=== Instructions for the task ===
When you repeat the entries below, please keep them exact and leave out the pictures.
(Working data Opens)
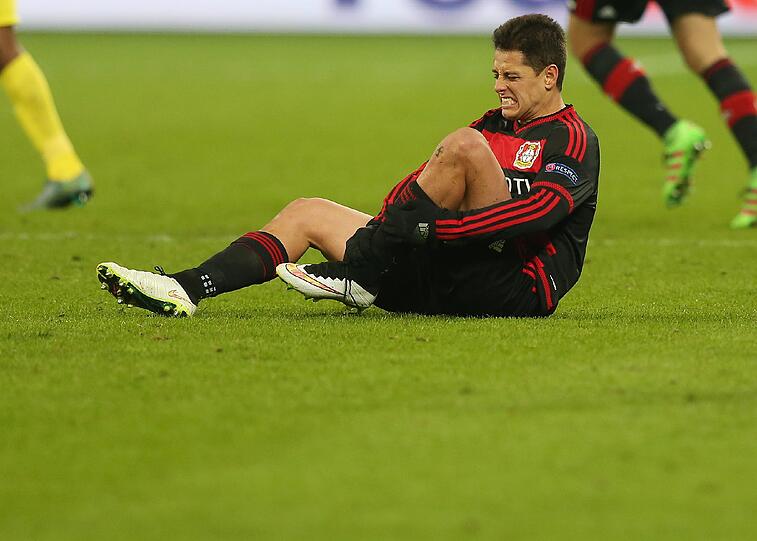 Nein, es ist nicht der Fuß, es ist die Hand: Chicharito hat sich zuhause beim Sturz auf der Treppe die Hand gebrochen.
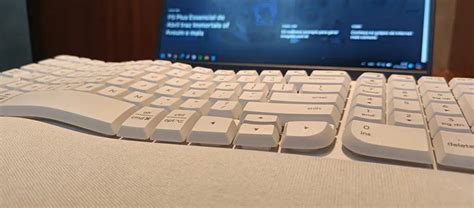 Review Logitech Wave Keys Keyboard Delivers Comfort And Practicality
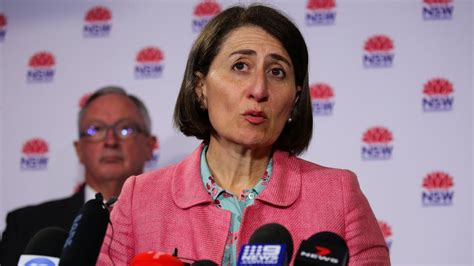 17 hours ago · at nsw's covid update on monday morning, chief health officer kerry chant said investigations were ongoing into where the man, who is in his 50s, had been in travelled from sydney to byron bay in. COVID NSW: Byron Bay on alert over four new Queensland ...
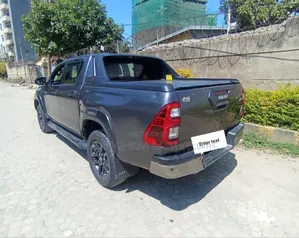 Toyota Hilux 2022 Maroon
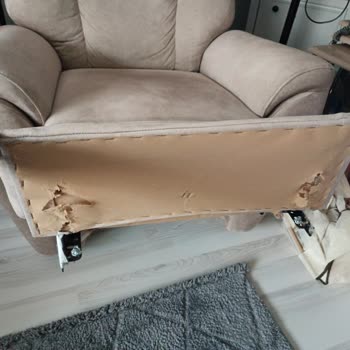 Defalarca Değişen Koltuk Hâlâ Teslim Edilmiyor, Mağduriyetim Sürüyor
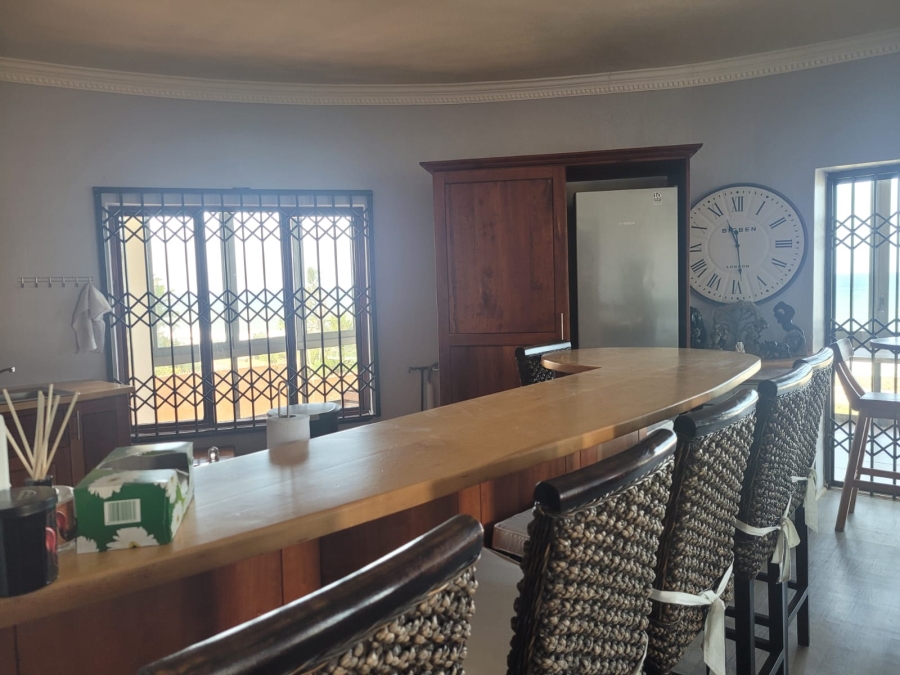 4 Bedroom Property for Sale in Uvongo Beach KwaZulu-Natal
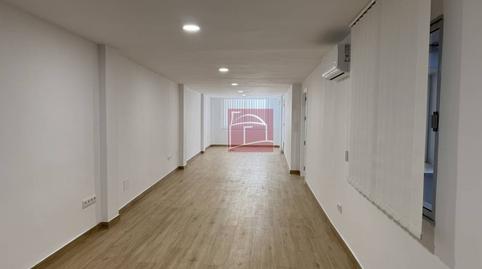 Foto 2 de Oficina en venta en Villanueva de la Serena, Badajoz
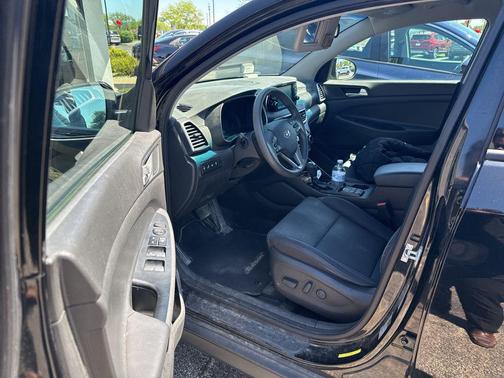 Black Noir Pearl 2021 Hyundai TUCSON Value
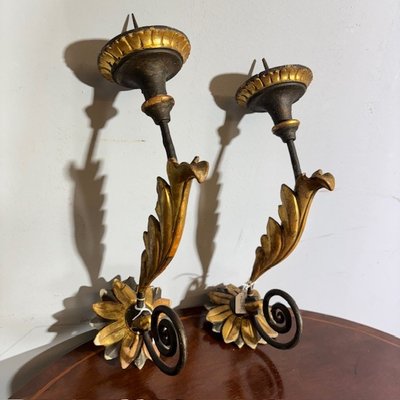 Ancienne paire de bras du XVIIIe siècle en bois peint, doré et laqué. Appliques candélabres 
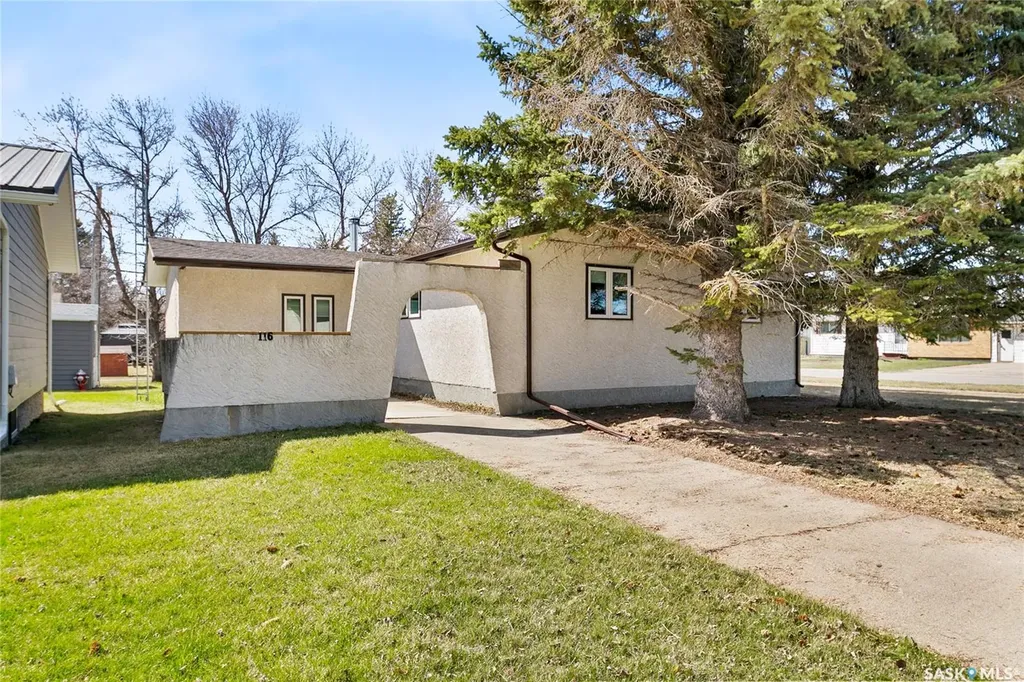 116 Stuart Street Cupar SK S0G 0Y0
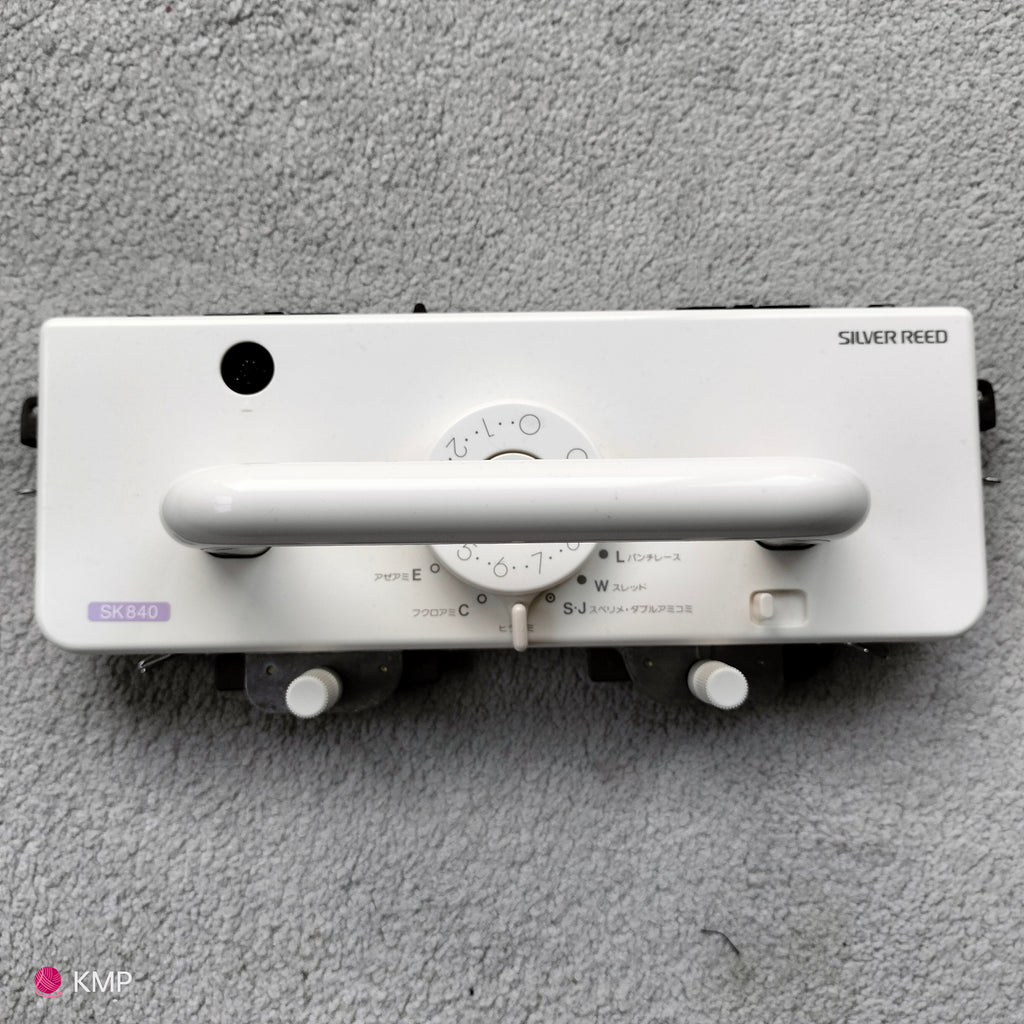 Silver Reed SK 840 Electronic Knitting Machine CARRIAGE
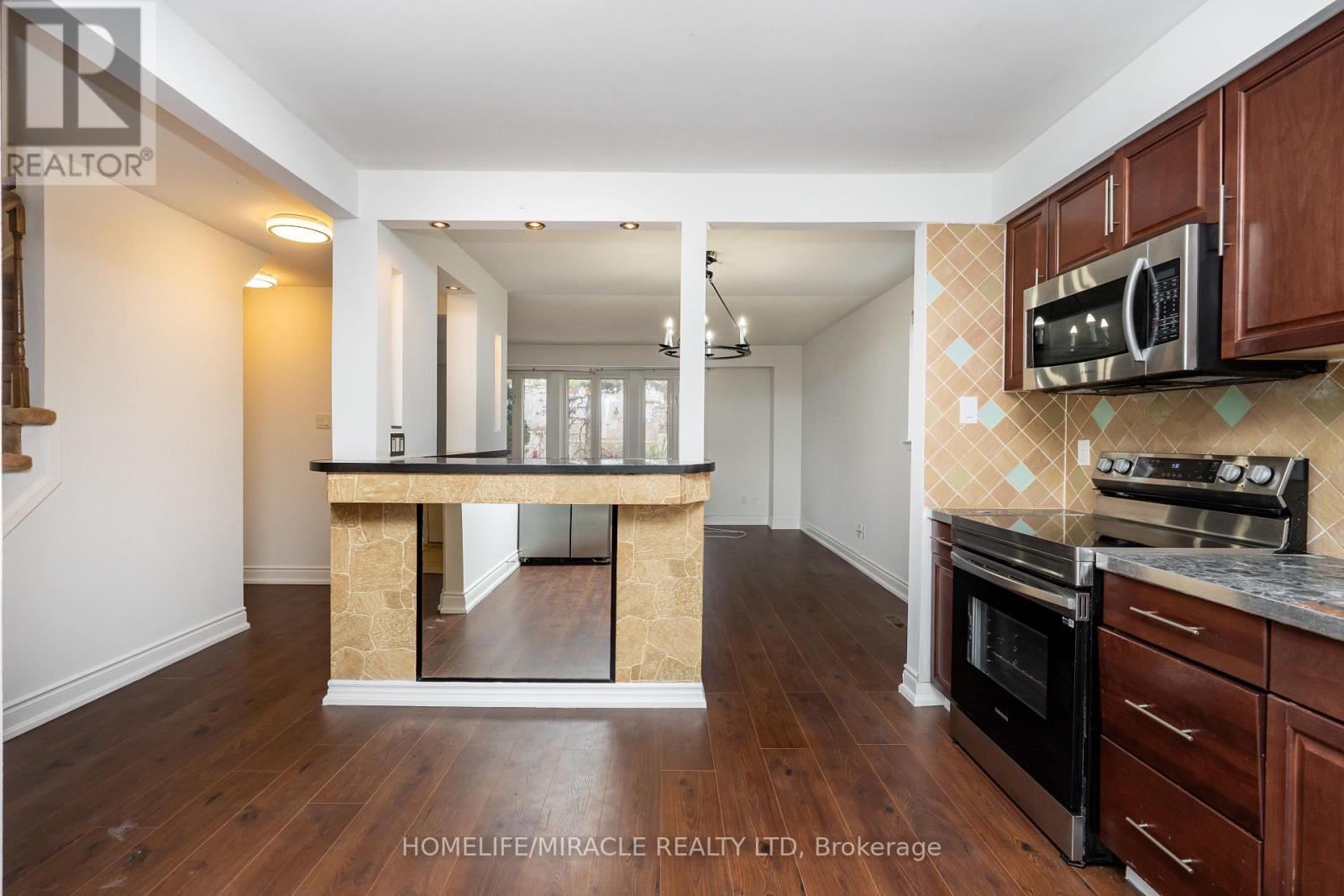 37 Banner Crescent, Ajax, Ontario  L1S 3S8 - Photo 9 - E13119430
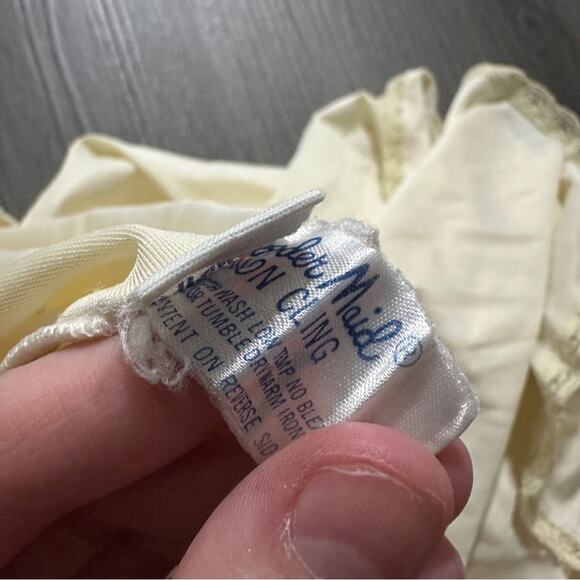 Vintage‎ Union Made 80s Cream Non-Cling Sleeveless Slip Dress Size S Estimated - Picture 5 of 11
(Working data Closes)
=== Task solution ===
 Nein, es ist nicht der Fuß, es ist die Hand: Chicharito hat sich zuhause beim Sturz auf der Treppe die Hand gebrochen.
 Review Logitech Wave Keys Keyboard Delivers Comfort And Practicality
 17 hours ago · at nsw's covid update on monday morning, chief health officer kerry chant said investigations were ongoing into where the man, who is in his 50s, had been in travelled from sydney to byron bay in. COVID NSW: Byron Bay on alert over four new Queensland ...
 Toyota Hilux 2022 Maroon
 Defalarca Değişen Koltuk Hâlâ Teslim Edilmiyor, Mağduriyetim Sürüyor
 4 Bedroom Property for Sale in Uvongo Beach KwaZulu-Natal
 Foto 2 de Oficina en venta en Villanueva de la Serena, Badajoz
 Black Noir Pearl 2021 Hyundai TUCSON Value
 Ancienne paire de bras du XVIIIe siècle en bois peint, doré et laqué. Appliques candélabres 
 116 Stuart Street Cupar SK S0G 0Y0
 Silver Reed SK 840 Electronic Knitting Machine CARRIAGE
 37 Banner Crescent, Ajax, Ontario  L1S 3S8 - Photo 9 - E13119430
 Vintage‎ Union Made 80s Cream Non-Cling Sleeveless Slip Dress Size S Estimated - Picture 5 of 11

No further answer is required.